Les accords de Paris se présentaient donc comme un défi monumental et exceptionnel de réunir 195 pays sous une voie unanime. L’objectif fut d’adopter un cadre défini et partagé pour lutter contre le dérèglement climatique et l’extinction de la biodiversité.

Au moment de la phase de préparation, l’espoir d’un accord se dessinait et la barre devait être placée très haut pour cette occasion historique : « we can’t settle for what is good, we have to push for what is necessary, and what is necessary is defined by science”, dit Christiana Figueres en revenant sur ces préparatifs. (11)

Pour préparer le terrain et pousser les pays à trouver leurs comptes dans l’accord, Christiana Figueres alla chercher un binôme pour dépasser les frontières de la diplomatie, pousser l’accord et le rendre plus ambitieux. Tom Rivett-Carnac se joignit donc dans l’ombre à Christiana Figueres, avec pour rôle d’identifier et de mobiliser des leviers de persuasion, afin de faire basculer les pays hésitants lorsque les approches diplomatiques ne seraient pas fructueuses.

« I built a network of hundreds of thousands of companies, people, religions leaders, business leaders, investors, and others, and we would utilize this network to help the diplomatic process be more effective and encourage national leaders that this was the moment for leadership”. (Tom Rivett-Carnac (11))

Grâce à cette mobilisation sans précédent, les Accords de Paris posent les jalons d’un premier cadre international.
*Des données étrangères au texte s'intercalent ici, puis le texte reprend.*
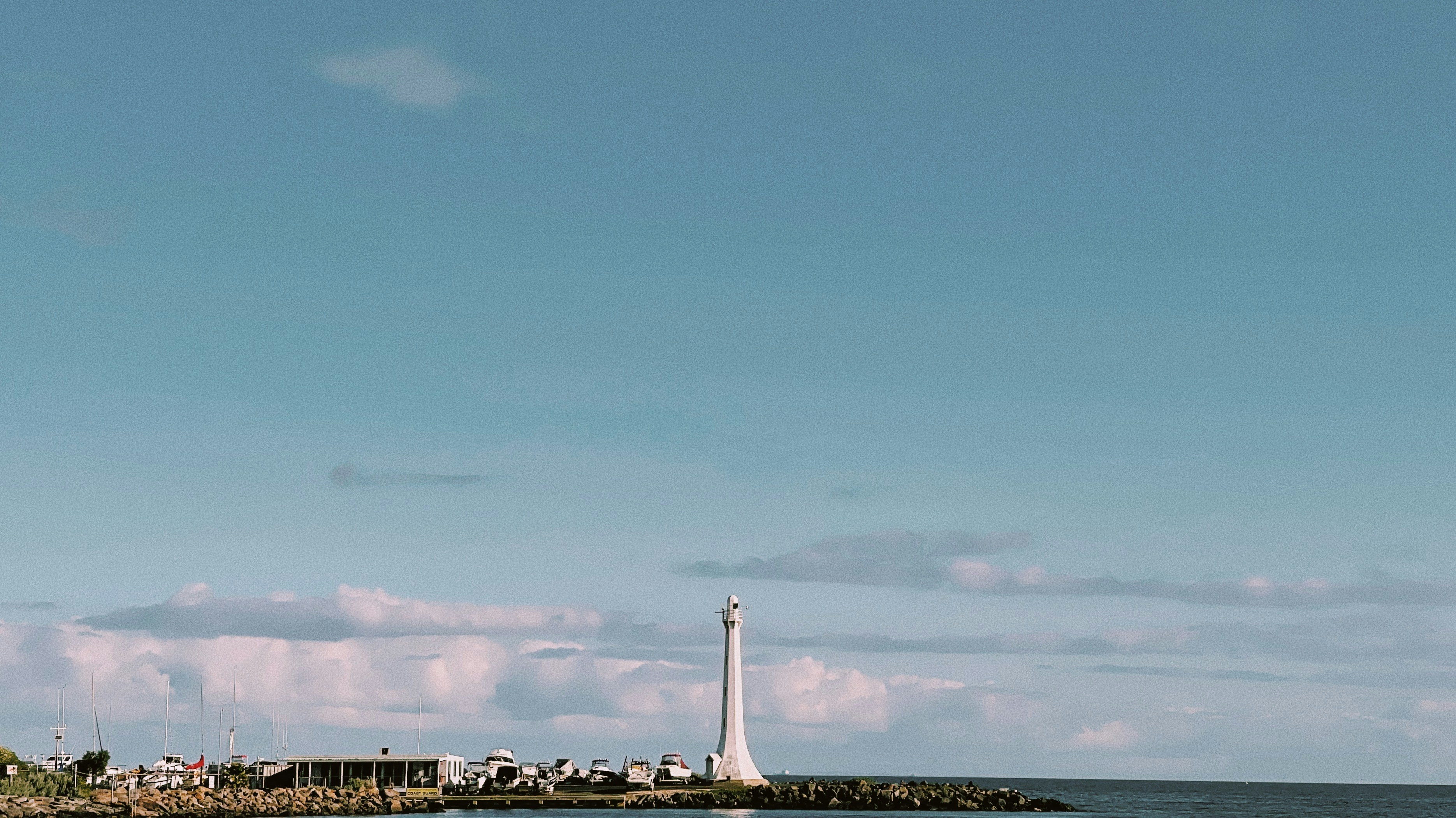 Photo by lennonzf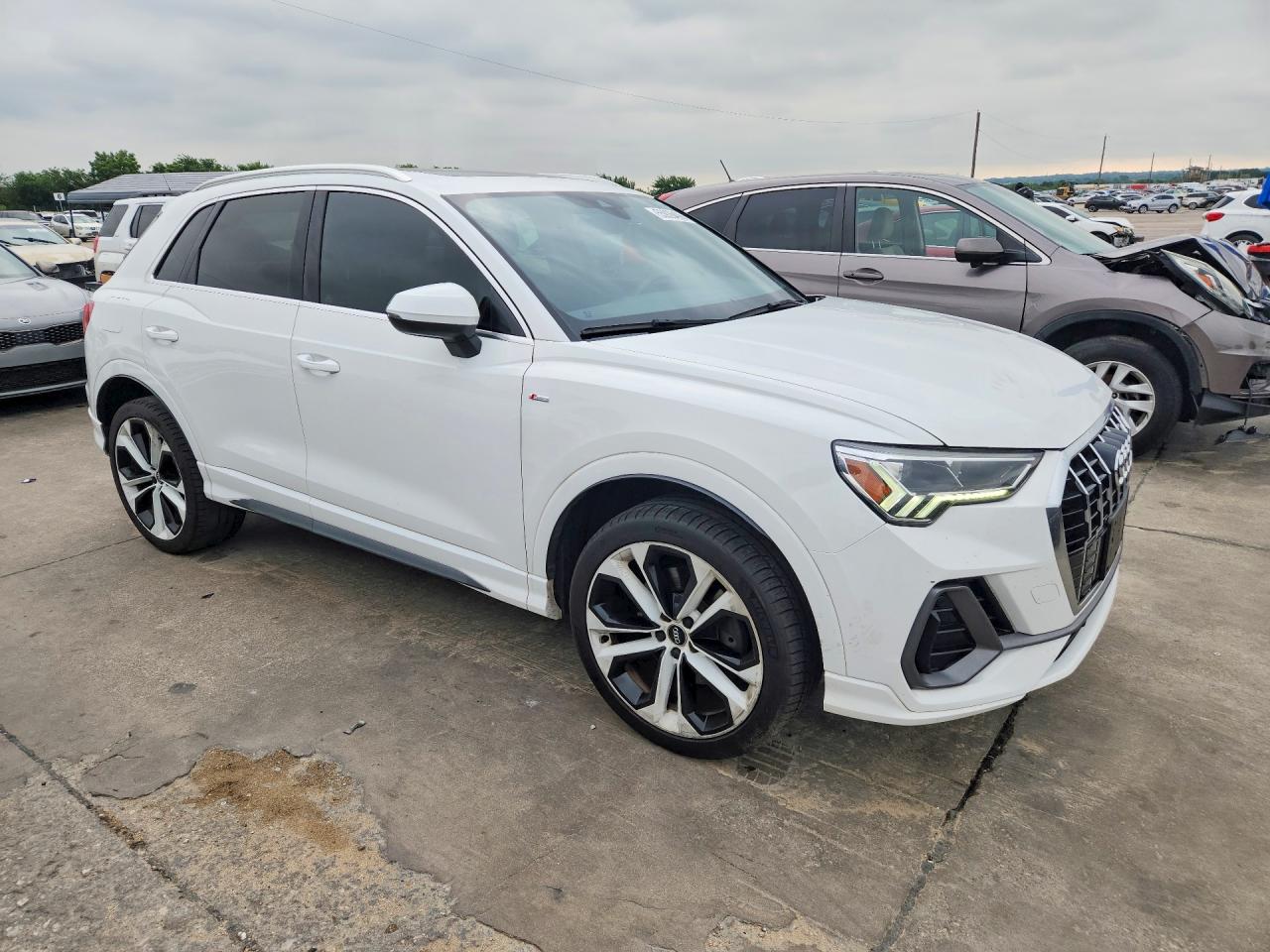 Audi Q3 Premium Plus S-line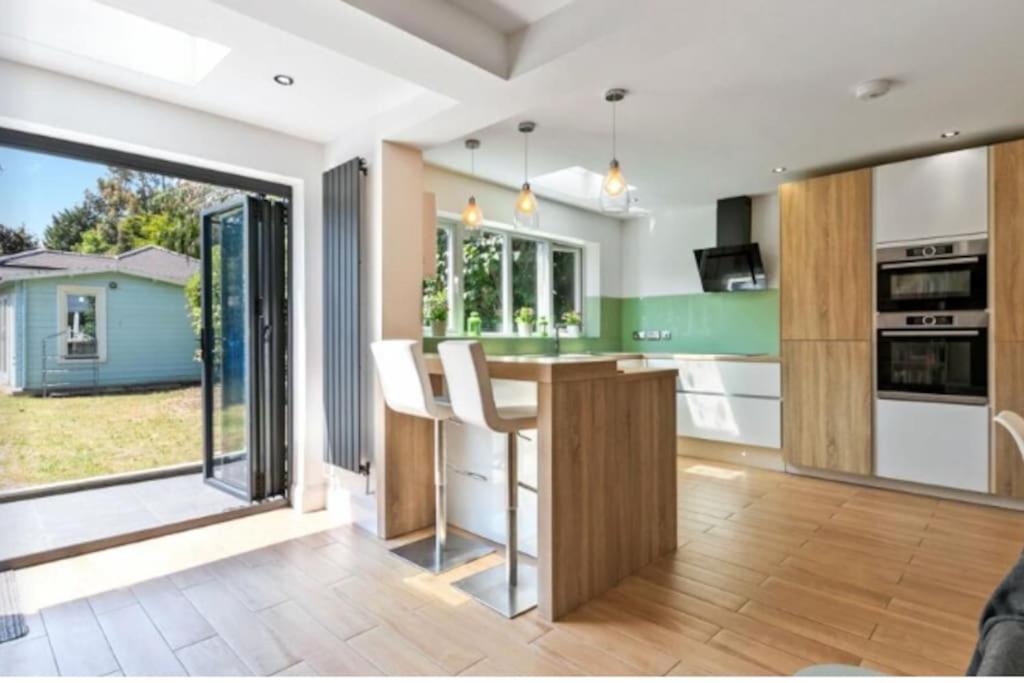 Large Family Home Near Richmond Park 新莫尔登 外观 照片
L’infographie suivante, réalisée par l’AFP (12), résume les points clés de l’Accord de Paris

Iris Royer De Vericourt, Simon Malfatto. Accord sur le climat : les points clés.

L’hiver 2021 verra se dérouler la COP26 qui se tiendra à Glasgow. Cette COP n’aura pas d’issue négociée : chaque pays devra présenter son plan national pour atteindre l’objectif « net zero » à l’horizon 2050. Ce mécanisme sera reproduit tous les 5 ans, l’idée étant que les pays arrivent avec des plans toujours plus ambitieux.
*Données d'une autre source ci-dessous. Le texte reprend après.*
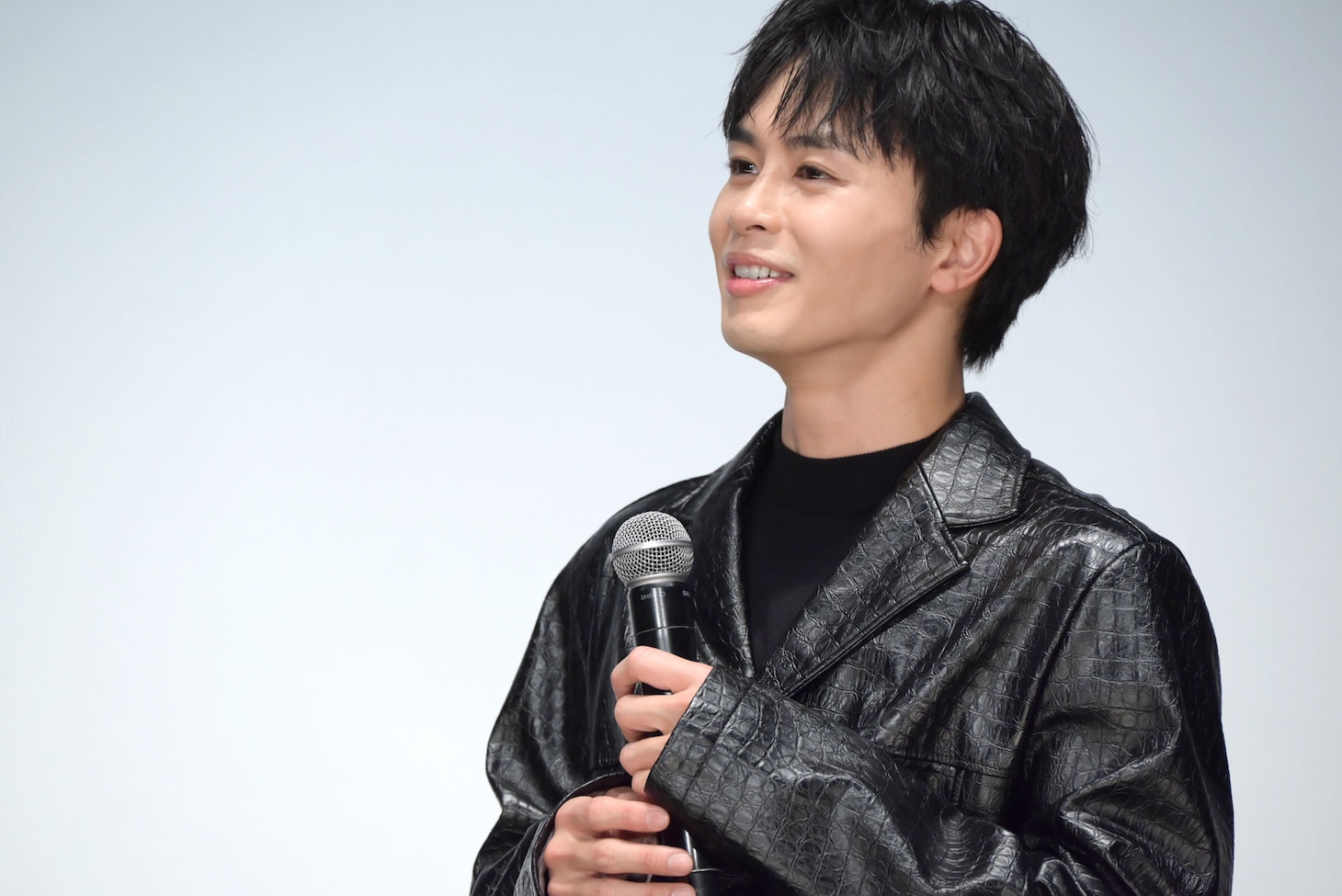 監督の"タクヤ推し”ファッションに恐縮しきりの草川拓弥（超特急）。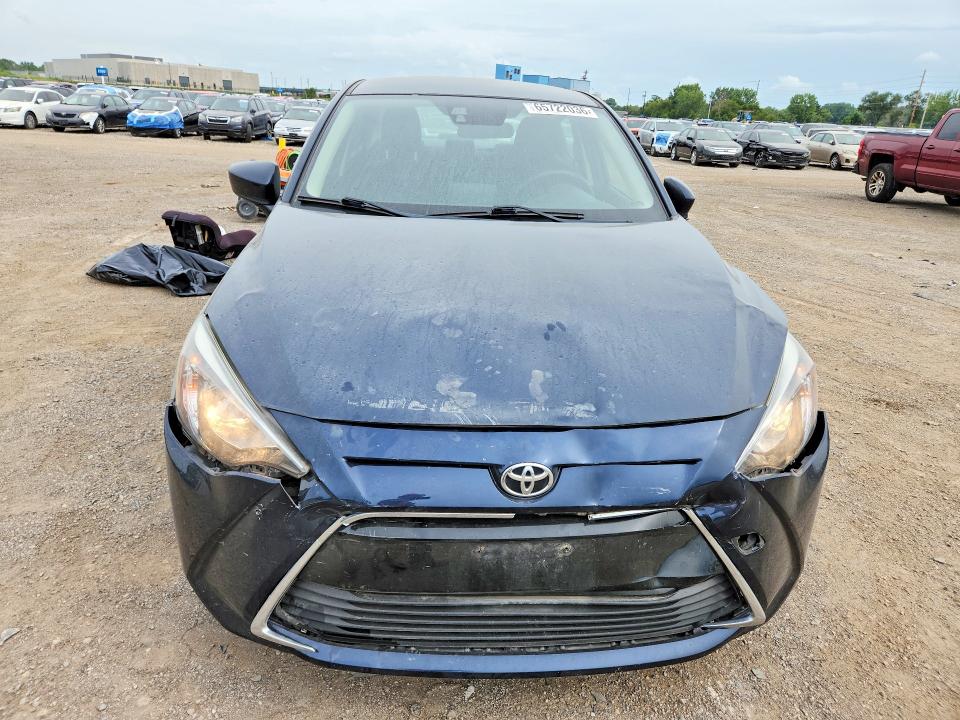 65722036 :رقم المزاد ، 3MYDLBYV2JY329845 vin ، 2018 Toyota Yaris Ia مزاد بيع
Christiana Figueres et Tom Rivett-Carnac soutiennent que la transition ne se fera pas si elle n’est pas déclinée au niveau national, autrement dit si chaque pays ne comprend pas l’intérêt d’un tel changement, aussi bien pour l’économie du pays que pour la santé de ses habitants.
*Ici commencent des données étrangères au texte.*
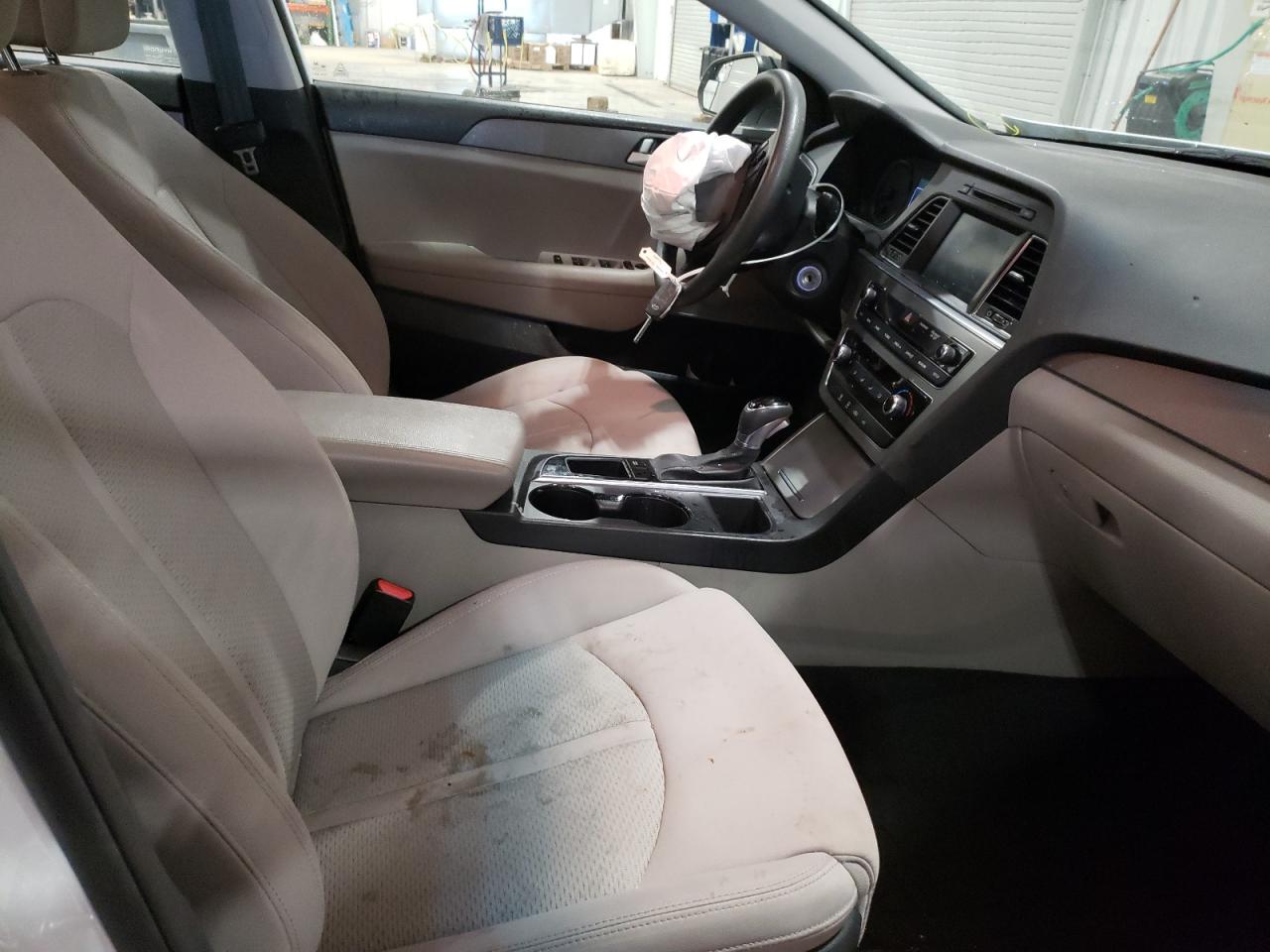 Photo 5 from auction – 2016 HYUNDAI SONATA SE with VIN 5NPE24AF1GH353726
Ces efforts étant par ailleurs opérés dans une situation aussi complexe qu’urgente, ils doivent être soutenus par des actes de désobéissance civile : comme le rappelle le livre, il a été montré historiquement qu’il ne faut une mobilisation que de 3,5% de la population pour amener à un changement significatif.

Les accords internationaux auxquels croient fermement Christiana Figueres et Tom Rivett-Carnac sont donc des paliers essentiels de la transition, mais ils reposent comme on le voit sur un engagement décliné à tous les échelons de la société.

Les auteurs concluent donc sur la nécessité de propager une vision optimiste et non catastrophiste de cette transition, qui seule permettrait de fédérer et d’inclure le plus grand nombre.

Global Optimism

Il s’agit donc maintenant de changer nos récits et de proposer de nouveaux imaginaires optimistes pour créer de l’engagement aussi bien à l’échelle des décideurs qu’à celle des citoyens. C’est dans cette optique que Christiana Figueres et Tom-Rivett Carnac créent le mouvement « Global Optimism », guidé par un état d’esprit de détermination face à des changement systémiques complexes.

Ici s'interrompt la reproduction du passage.